Le couperet était tombé en 2019. La direction du groupe auvergnat Michelin (132 200 collaborateurs dans le monde ; 28,3 Md€ de CA en 2023) annonçait sa volonté de fermer son site de La Roche-sur-Yon, crée dans les années 1960 et employant 613 personnes. Fin 2020, l’usine de pneus poids lourds fermait définitivement ses portes, après 48 ans d’existence.
Michelin a reçu une aide publique de 4,3 millions d’euros
Cette fermeture est revenue sur le devant de la scène la semaine dernière au Sénat dans le cadre de la commission d’enquête sénatoriale sur les aides aux entreprises.
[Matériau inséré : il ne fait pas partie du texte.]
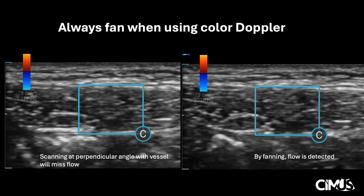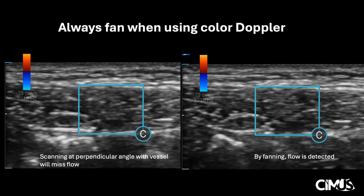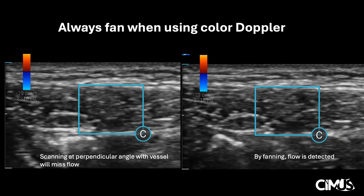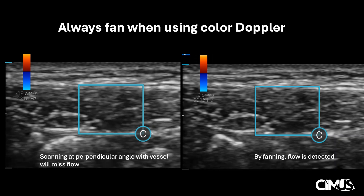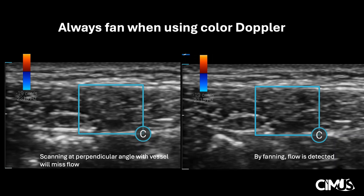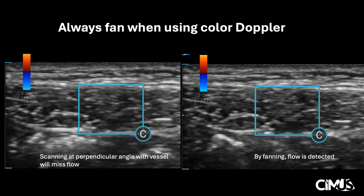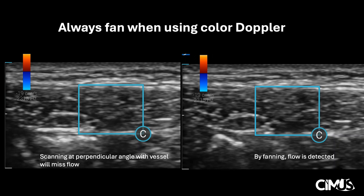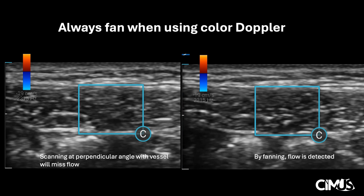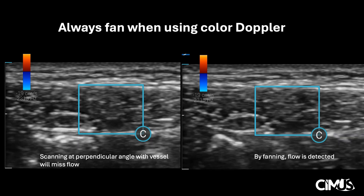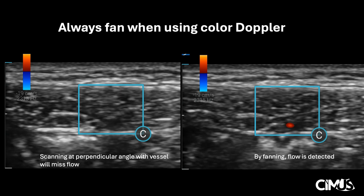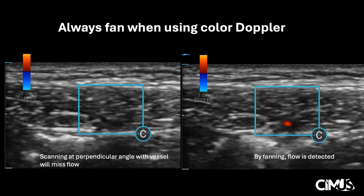As we mentioned, with color Doppler but not with power Doppler, scanning perpendicular to the vessel has the potential to miss flow due to a 90-degree angle of insonation. Here on the left, you may be fooled into thinking there is no vessel in the area, when in reality no signal is picked up because the transducer is scanning directly perpendicular to the angle of the vessel, resulting in missed flow. On the right, the operator fans the transducer, changing the angle of insonation, resulting in flow being detected. It is therefore important to always fan through structures, particularly when using color Doppler, to avoid missing vessels.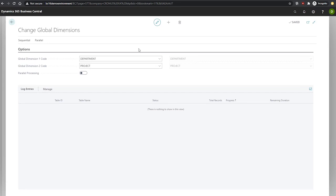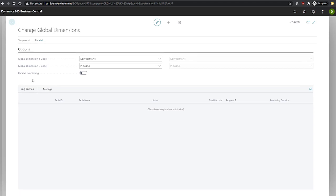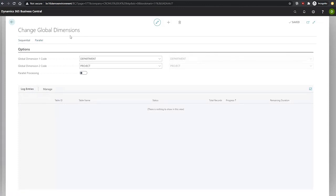Parallel processing means that changes will be processed simultaneously with parallel background jobs. In order to use this, we must first run the prepare function under parallel. There's an option here called prepare. When selected, this will populate the log entries tab with a list of all the tables that we expect to be affected by the dimension change. When we're ready to start the job, select either sequential or parallel on the ribbon and then select start to start the process.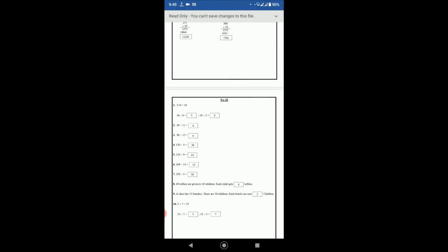5 multiply by 7 is 35, so 35 divided by 7 is 5, and 35 divided by 5 is equal to 7. So that's all, hope you understand, thank you.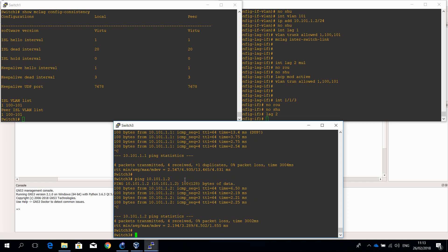This concludes this episode of configuring Aruba OS CX via CLI. Be on the watch for more videos. As always, if you like the video click on the like button. Feedback and suggestions are always welcome. Bye for now.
Florent Menegaux, PDG de Michelin, a été interpellé par le sénateur communiste de Seine-Saint-Denis, Fabien Gay à propos d’une aide publique de 4,3 millions d’euros touchée en 2017 dans le cadre du Crédit d’impôt pour la compétitivité et l’emploi (CICE).
"Ce ne serait pas anormal que nous les remboursions"
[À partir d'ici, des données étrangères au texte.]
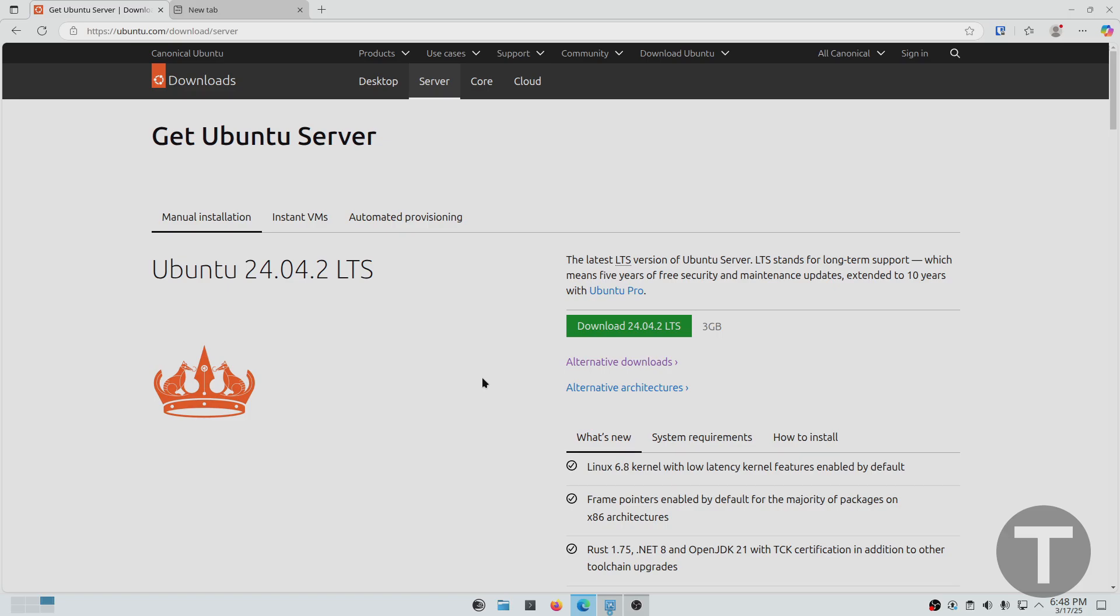Hey guys, David here from techop.io, and in this video I'm going to be showing you how to install Ubuntu Server.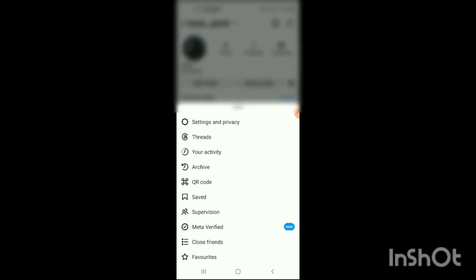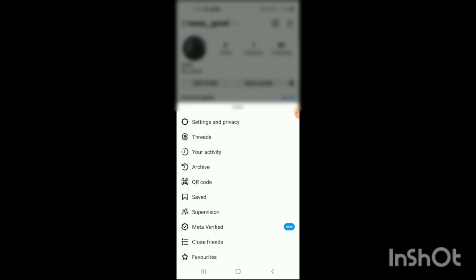Here you can see your Instagram profile shown on the screen. On the top right corner, you can see three lines — simply click on them. When you click on these three lines, options like Settings and Privacy, Your Activity, Archive, QR Code, Saved, and others will be shown on the screen. Select the option of 'Your Activity'.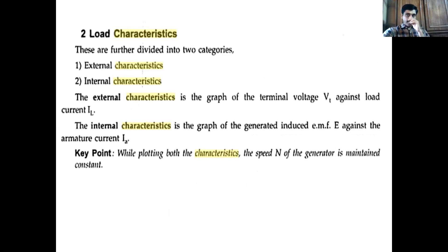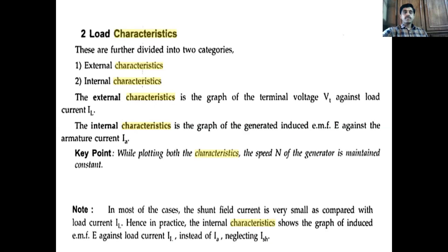Coming to load characteristics, there are two types: external characteristics and internal characteristics. External characteristics are a graph drawn between terminal voltage Vt versus load current IL. Internal characteristics are a graph drawn between EMF E versus armature current Ia. For both, the speed of the generator is maintained constant. Generally, the shunt field current Ish is neglected since field winding resistance is large, so Ia is approximately equal to IL.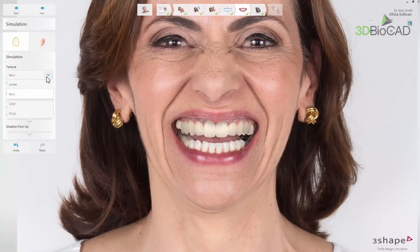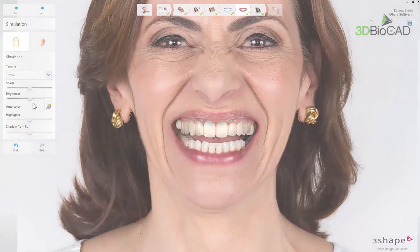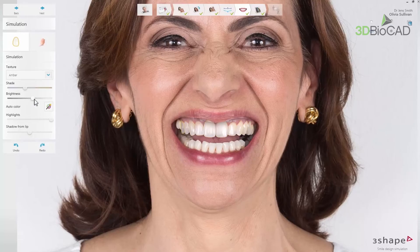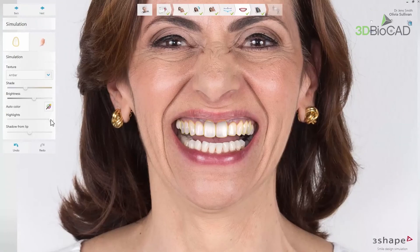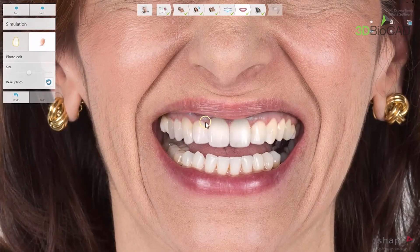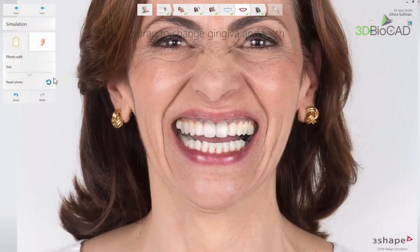In the next step, you can use the simulation tool, where you can change the texture library on the teeth. Using the sliders, you can also adjust the shade and brightness of the simulation. It can be done for all the teeth involved or just for some of them. Use auto-color to restore to default. Highlights and shadow from the lip can also be adjusted for even more realistic simulation. This can also be improved by the photo edit tool, allowing gum adjustment if necessary. The size of that tool can be changed using the slider or by holding shift and mouse scroll.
Cette somme devait servir à moderniser le site de la Roche-sur-Yon, avec la rénovation d’ateliers de cuisson et l’achat de machines d’assemblage. "Oui, l’argent public français doit servir à aider les activités en France", a affirmé Florent Menegaux, président du groupe Michelin, en réponse à la question du sénateur. "On devrait être capable de rembourser si le CICE n’a effectivement pas servi aux machines restées en France. Ce ne serait pas anormal que nous les remboursions", a poursuivi le patron du fabricant de pneus. Ce dernier est en train de se retirer de l’Ouest de la France, avec les annonces de fermeture des usines de Cholet (Maine-et-Loire) et de Vannes (Morbihan).
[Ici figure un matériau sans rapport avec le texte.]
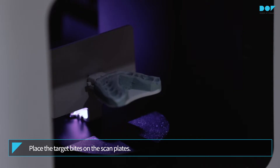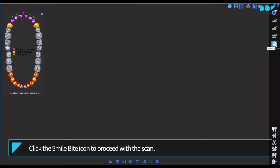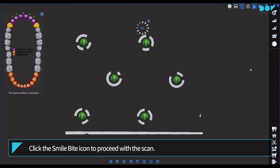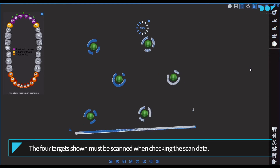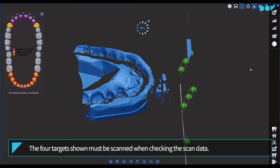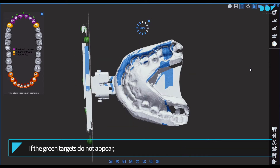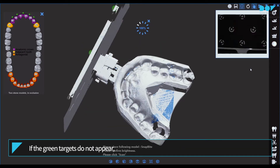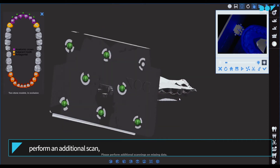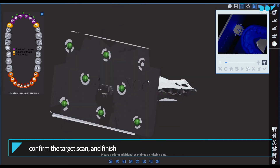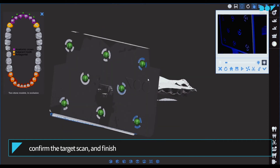Place the target bites on the scan plates. Click the smile bite icon to proceed with the scan. The four targets shown must be scanned when checking the scan data. If the green targets do not appear, perform an additional scan, confirm the target scan, and finish it.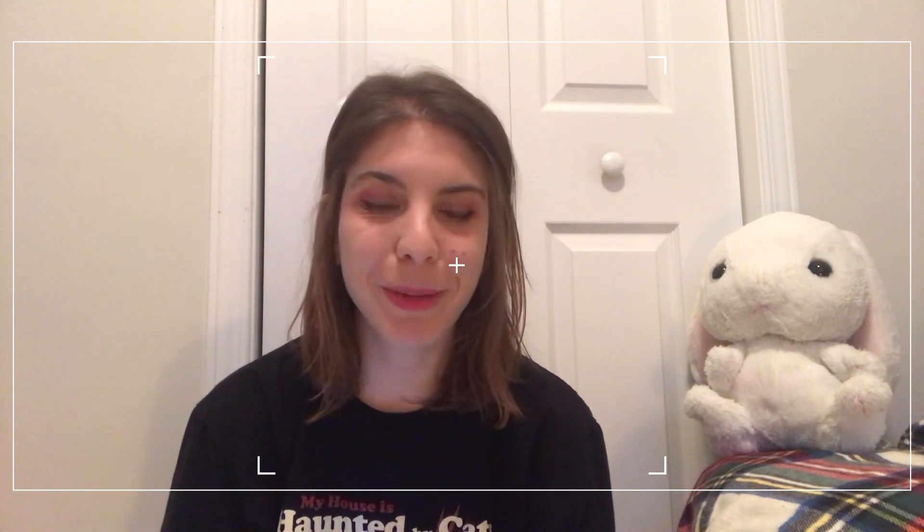Hello everyone, welcome back to my channel. I know it's been a little bit since my last video. If you're new here, my name is Sonia. I'm a third year PhD student studying math and I just like to make videos about PhD work and daily study vlogs and things like that.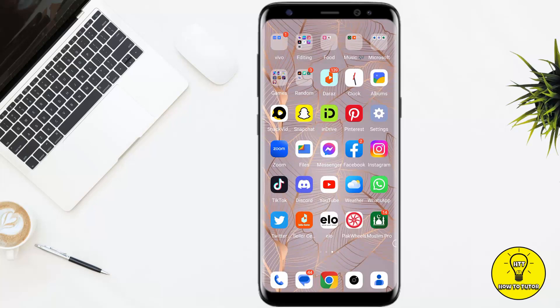Hey guys, what's up! In this video I'm going to show you how to add a color background to text on an Instagram Story. If you want to enhance your Instagram Story, then this video is for you. So without any further delay, let's get started.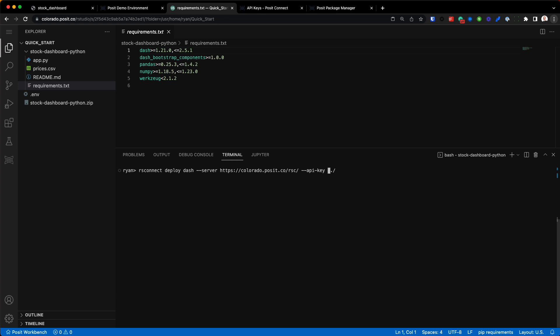The RS Connect Python package will automatically detect it when it runs this command. And then the last little bit, this dot and then the forward slash right here—RS Connect will automatically detect this app.py application in the directory and deploy it. So that's it. This is the command. We'll hit enter and we'll let it run.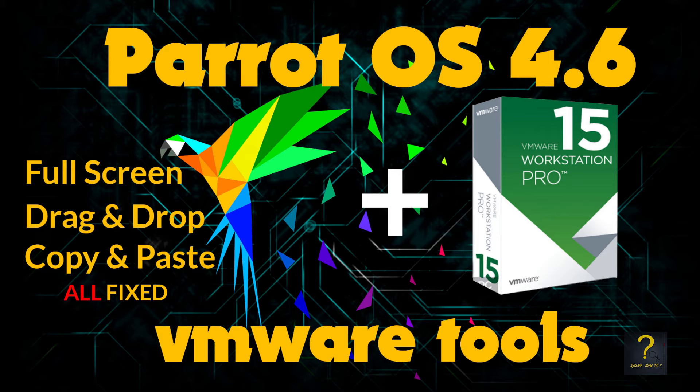Hello everyone, welcome to another tutorial by Query How To. In today's video I will show you how to install latest Parrot OS 4.6 in VMware Workstation 15 Pro, not limiting to installation I will also show you how to enable full screen, drag and drop, copy paste to and from the host machine Windows and guest virtual machine Parrot. I am using a text-to-speech converter for this tutorial as I have some issues with my microphone. So without any further delay let's get started.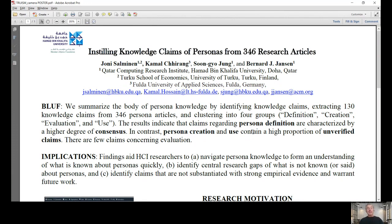Then we manually evaluated those knowledge claims, and we found that the knowledge claims about persona definitions are characterized by a high degree of consensus. However, the knowledge claims about persona creation and use have a high proportion of unverified claims, meaning they're presented in research papers without supporting evidence.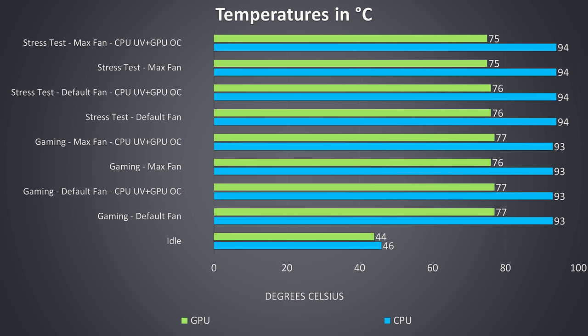The stress tests were done by running Aida64 and the Heaven benchmark at the same time in order to attempt to fully utilize both the processor and graphics. The results here also didn't change much, we're pretty much thermal throttling non stop regardless of fan speed or undervolting in these combined CPU and GPU workloads.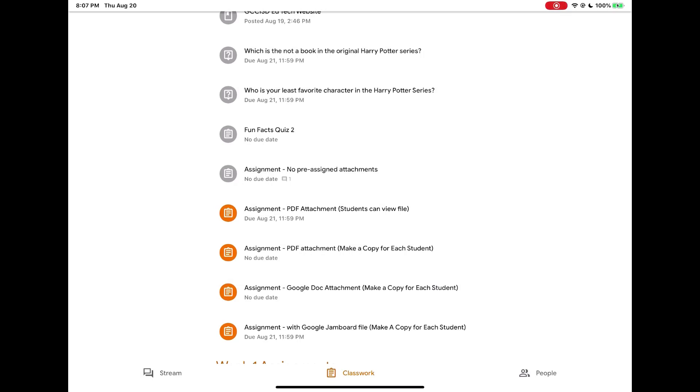Let's look at an assignment where your teacher has assigned you a Google file. I'm going to tap to open the assignment Google Doc attachment.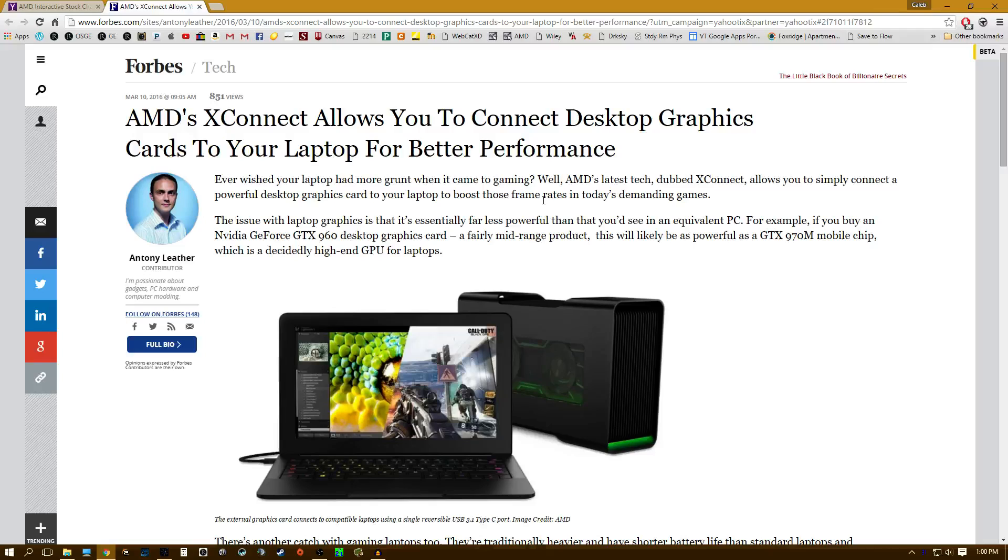That might come out today as well, but I just wanted to get this out there and say that AMD came out with this a little faster than I thought they would. So there it is for you, the XConnect. Thanks for watching.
Un pôle dédié aux énergies renouvelables en Vendée
Affaire à suivre donc, cinq ans après la fermeture du site, au sein duquel Michelin ne s’est pas totalement désengagé. En effet, le lieu vise aujourd’hui à se transformer en pôle d’excellence dédié aux énergies renouvelables et aux mobilités durables. Ce projet d’un montant de 45 millions d’euros, sera financé par Michelin et la Banque des Territoires qui apportent chacun 6 millions d’euros en fonds propres et Oryon, opérateur du projet, qui contribue à hauteur de 1,2 million d’euros, le reste étant financé par des prêts bancaires.